Ukrył twarz w dłoniach. Wszystkie nadzieje legły w gruzach.
– Ben, co się stało?
Była tuż obok niego. Obejmowała go czule.
– Nic się nie stało. Powinienem był trzeźwiej na to patrzeć.
– Na co?
– Na nas. Kiedy pojawiłaś się w mojej bibliotece, miałem wrażenie, jakbyś wyszła… wprost z moich snów. Głupie, co? Wszystko, co powiedziałem ci tamtej nocy, było prawdą, ale… – Urwał w pół zdania. Chciał dodać „ale już w to nie wierzę”.
– Ale co? – zapytała niepewnie.
– Nadal jest prawdą. Miałem nadzieję, że będziemy potrafili zapomnieć o przeszłości i zaprzyjaźnimy się nawet.
– Zaprzyjaźnimy – powtórzyła jak echo.
Był tak przejęty, że nie usłyszał przejmującego żalu w jej głosie.
– Zmieniłaś się po balu i nawet wiem dlaczego.
– Naprawdę?
– Przecież to jasne. Osiągnęłaś swój cel. Bal się odbył. Nie jesteś już taka jak przed dwoma dniami.
Zawahała się lekko.
– Nie czuję się tak jak przed dwoma dniami.

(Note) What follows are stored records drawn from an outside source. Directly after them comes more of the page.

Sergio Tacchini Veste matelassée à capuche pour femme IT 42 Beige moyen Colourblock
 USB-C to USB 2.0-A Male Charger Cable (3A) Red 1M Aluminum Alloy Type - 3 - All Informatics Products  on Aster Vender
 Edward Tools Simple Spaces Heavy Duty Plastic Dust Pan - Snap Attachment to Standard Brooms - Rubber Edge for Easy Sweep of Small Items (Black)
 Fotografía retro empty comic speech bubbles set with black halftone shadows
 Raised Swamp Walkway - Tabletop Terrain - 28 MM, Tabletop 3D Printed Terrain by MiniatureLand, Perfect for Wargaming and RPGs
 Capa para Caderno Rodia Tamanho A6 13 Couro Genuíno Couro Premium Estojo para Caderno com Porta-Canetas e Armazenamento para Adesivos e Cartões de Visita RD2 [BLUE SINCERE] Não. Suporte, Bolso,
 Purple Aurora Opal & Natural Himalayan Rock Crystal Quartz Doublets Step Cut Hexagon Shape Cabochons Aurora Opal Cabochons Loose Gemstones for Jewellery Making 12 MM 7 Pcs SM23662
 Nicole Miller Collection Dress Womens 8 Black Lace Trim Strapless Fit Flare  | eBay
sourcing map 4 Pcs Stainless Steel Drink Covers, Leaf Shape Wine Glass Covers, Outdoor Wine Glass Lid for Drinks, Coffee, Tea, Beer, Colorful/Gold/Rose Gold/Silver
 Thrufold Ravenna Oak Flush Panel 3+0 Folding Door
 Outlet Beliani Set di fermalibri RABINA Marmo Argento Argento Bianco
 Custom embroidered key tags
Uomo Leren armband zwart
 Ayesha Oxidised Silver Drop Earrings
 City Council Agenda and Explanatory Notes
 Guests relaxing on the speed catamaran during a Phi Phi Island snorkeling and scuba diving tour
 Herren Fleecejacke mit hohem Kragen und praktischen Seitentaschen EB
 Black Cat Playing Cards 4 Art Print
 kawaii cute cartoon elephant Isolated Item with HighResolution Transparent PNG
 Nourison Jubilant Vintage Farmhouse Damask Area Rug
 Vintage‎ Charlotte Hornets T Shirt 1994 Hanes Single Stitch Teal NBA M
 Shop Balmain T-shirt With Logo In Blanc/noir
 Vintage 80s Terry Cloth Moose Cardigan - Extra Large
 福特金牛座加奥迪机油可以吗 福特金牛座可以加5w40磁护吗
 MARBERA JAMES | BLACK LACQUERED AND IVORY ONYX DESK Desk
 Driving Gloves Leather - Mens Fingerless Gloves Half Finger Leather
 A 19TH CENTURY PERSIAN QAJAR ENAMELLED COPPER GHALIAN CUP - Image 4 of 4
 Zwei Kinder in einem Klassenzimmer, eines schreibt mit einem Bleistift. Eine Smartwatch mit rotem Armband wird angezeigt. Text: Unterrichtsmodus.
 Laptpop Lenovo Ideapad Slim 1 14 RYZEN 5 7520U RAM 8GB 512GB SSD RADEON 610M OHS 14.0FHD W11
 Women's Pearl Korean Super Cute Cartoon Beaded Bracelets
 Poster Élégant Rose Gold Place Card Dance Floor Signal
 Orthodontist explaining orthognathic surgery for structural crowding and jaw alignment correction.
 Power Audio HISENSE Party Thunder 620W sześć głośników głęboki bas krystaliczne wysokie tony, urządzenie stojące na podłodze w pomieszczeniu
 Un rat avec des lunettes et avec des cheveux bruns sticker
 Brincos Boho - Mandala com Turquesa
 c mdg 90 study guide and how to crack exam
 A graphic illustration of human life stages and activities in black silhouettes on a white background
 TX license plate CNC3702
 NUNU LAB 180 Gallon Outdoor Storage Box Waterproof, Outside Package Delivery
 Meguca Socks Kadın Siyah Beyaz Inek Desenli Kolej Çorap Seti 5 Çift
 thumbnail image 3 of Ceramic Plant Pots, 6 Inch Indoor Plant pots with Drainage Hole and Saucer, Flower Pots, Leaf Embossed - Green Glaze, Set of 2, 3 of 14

– Oczywiście, że nie. Nie jestem ci już do niczego potrzebny.
– To podłe oskarżenie – zaprotestowała gwałtownie.
– Czyżby? Przecież przed chwilą sama przyznałaś, że się zmieniłaś.
– Tylko dlatego, że ty się zmieniłeś. Kiedy dowiedziałam się, co zrobiłeś Craddockom, oniemiałam. Nigdy nie sądziłam, że mężczyzna, którego kochałam, może zachować się w ten sposób…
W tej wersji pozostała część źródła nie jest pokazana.